CONCORD A state Senate bill currently going through the House would establish an anti-discrimination law for public schools that proponents say will better empower those facing prejudice in the classroom.

Senate Bill 263, which went before the House Education Committee Wednesday, would outlaw discrimination against people in schools based on age, sex, gender identity, sexual orientation, race, color, religion and other reasons. It would also enable the state attorney general's office to take action in discrimination complaints in public schools.

"That's a whole new avenue that is now open if that bill were to pass," said Rogers Johnson, chairman of the Governor's Advisory Council on Diversity and Inclusion. "Having this one particular law gives individuals the opportunity for action against a school district."

Supporters say New Hampshire is one of the few states in the Northeast that lacks school state-level discrimination laws and relies solely on federal law. The bill pass the Senate March 28 by a vote of 20 to 3.

The bill's sponsor, state Sen. Tom Sherman, D-Rye, said he was contacted by a member of the Governor's Advisory Council on Diversity and Inclusion about filing the bill. The council has been holding listening sessions around the state hearing from Granite Staters on their experiences with diversity and discrimination in New Hampshire, using that feedback to make legislative and policy recommendations.

Sherman said the law establishes protections that already exist elsewhere in the state. He said the bill's language was lifted almost directly from the state's law on workplace discrimination.

"We have this protection in every other aspect of our lives except the schools," Sherman said. "You have in issue in the school, you (could) go to the school for it to be corrected based on state statute, versus having to go to a federal attorney, a federal prosecutor."

The bill received opposition from some who are concerned the law would lead to disputes over co-ed individual sports like track and wrestling. Sherman said the topic was raised with the broad question, "What about sports?"

State Rep. Ralph Boehm, R-Litchfield, said he recognizes girls and boys commonly play on each other's teams in sports like football, but he said he is concerned boys and transgender girls would have an unfair edge physically if they compete in individualized sports for girls. He said he would prefer the law be adjusted to allow certain sports to keep having students separated by gender.

"It's when you get into the individual sports like track," Boehm said. "With boys going into women's track, and naturally, they're going to win."
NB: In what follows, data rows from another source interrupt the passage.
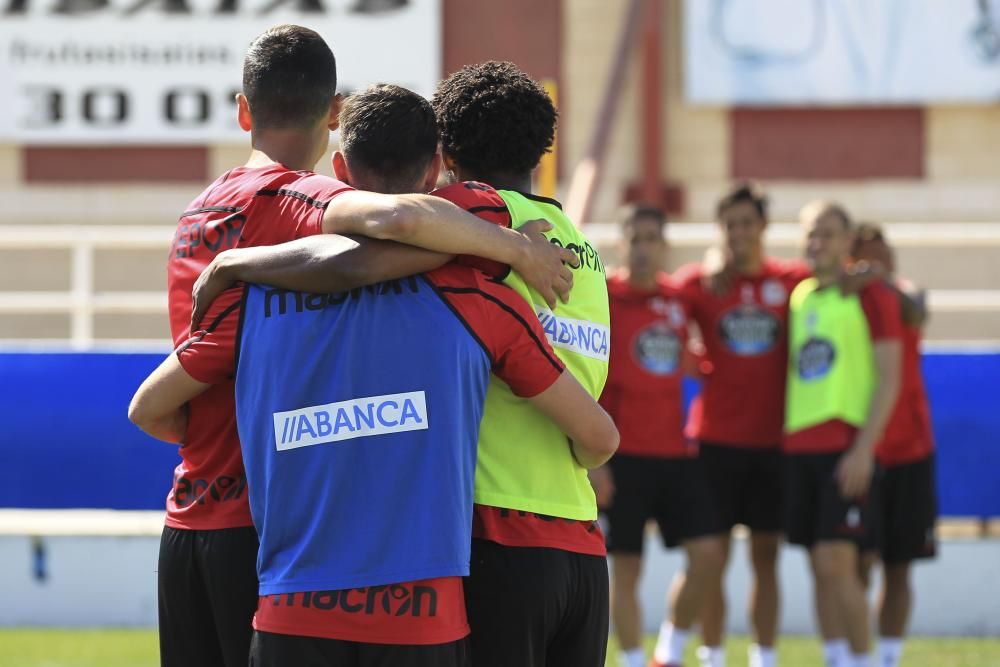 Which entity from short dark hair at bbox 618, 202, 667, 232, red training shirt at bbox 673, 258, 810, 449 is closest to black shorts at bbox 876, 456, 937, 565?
red training shirt at bbox 673, 258, 810, 449

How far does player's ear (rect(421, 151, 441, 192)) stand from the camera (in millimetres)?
3426

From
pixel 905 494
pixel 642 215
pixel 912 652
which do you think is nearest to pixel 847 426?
pixel 905 494

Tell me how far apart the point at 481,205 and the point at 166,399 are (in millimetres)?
811

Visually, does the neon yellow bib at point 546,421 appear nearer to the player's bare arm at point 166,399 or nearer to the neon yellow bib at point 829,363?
the player's bare arm at point 166,399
State Rep. Patricia Cornell, D-Manchester, believes the change Boehm fears is not the intent of the bill, but instead to help students facing a broad range of discrimination, not only with gender but also race and religion.

"I can see the concern, but I don't think it's going to be as much of a problem as some people think it might be," Cornell said. "I think if it does happen, it can be dealt with at that time. I think as with any non-discrimination bill, people find the most obscure problem with it."